OK got it. I didn't realize you did the 1-3 extra bytes at the start when not long word aligned, and brought it back into alignment so it ended on a long. I thought you were doing things another way and merging two CRCs in different orders.
@ManAtWork said:
Ok, maybe my view is a bit limited. My target applications are quite simple like a data logger or some type of printer (which a CNC machine is also from the data flow point of view). There, you usually only can process one job at a time, anyway. If there are requests from multiple clients pending you need to tell the other ones to wait until the current job is done.
Of course, if you plan to use the P2 as web or file server there can be multiple ports open at the same time. Then the scenario you described is realistic and multiple short packets can arrive while long packets are still being processed. But then it shouldn't be a problem to assign 3 cogs or even more to that task.
Right, it's useful to think about different applications of the same PHY driver rather than a single use case, if the software is to be eventually used by other P2 users.
For the same reason I won't implement packet filtering. If done in the receiver cog it could only look for a single MAC address or broadcasts. Multicasts require a dynamic table and more time to process. And terminating the packet reception early won't gain anything as the receiving cog had to wait for the next packet, anyway.

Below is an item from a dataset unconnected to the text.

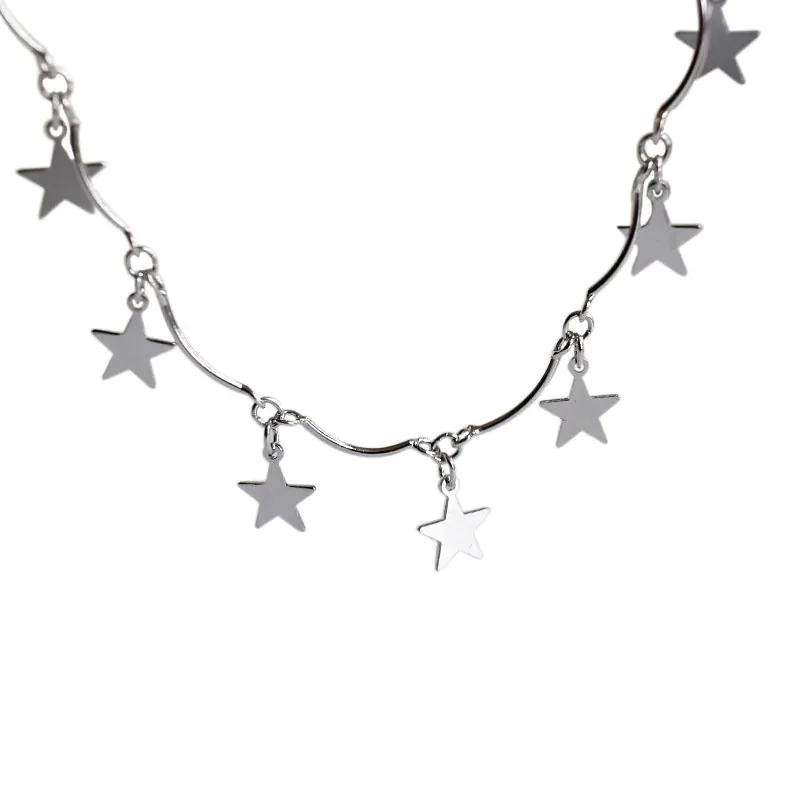 Mini Star Solid 925 Sterling Silver Clavicle Necklace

If we find we need to filter at some point to reduce incoming load from hub LAN segments, detecting our MAC DA, the broadcasts and (all) public multicast addressed packets can be filtered with two very simple tests on the first 48 bits of the packet. Eg.
Exact 48 bit match for unicast DA.
Match a 1 bit in the LSB of the first MAC octet for all multicasts and this includes the broadcast MAC FF:FF:FF:FF:FF:FF.
I suspect this could be done in the PHY RX driver even if it had to be done at the end in IPG time by reading back data from HUB RAM.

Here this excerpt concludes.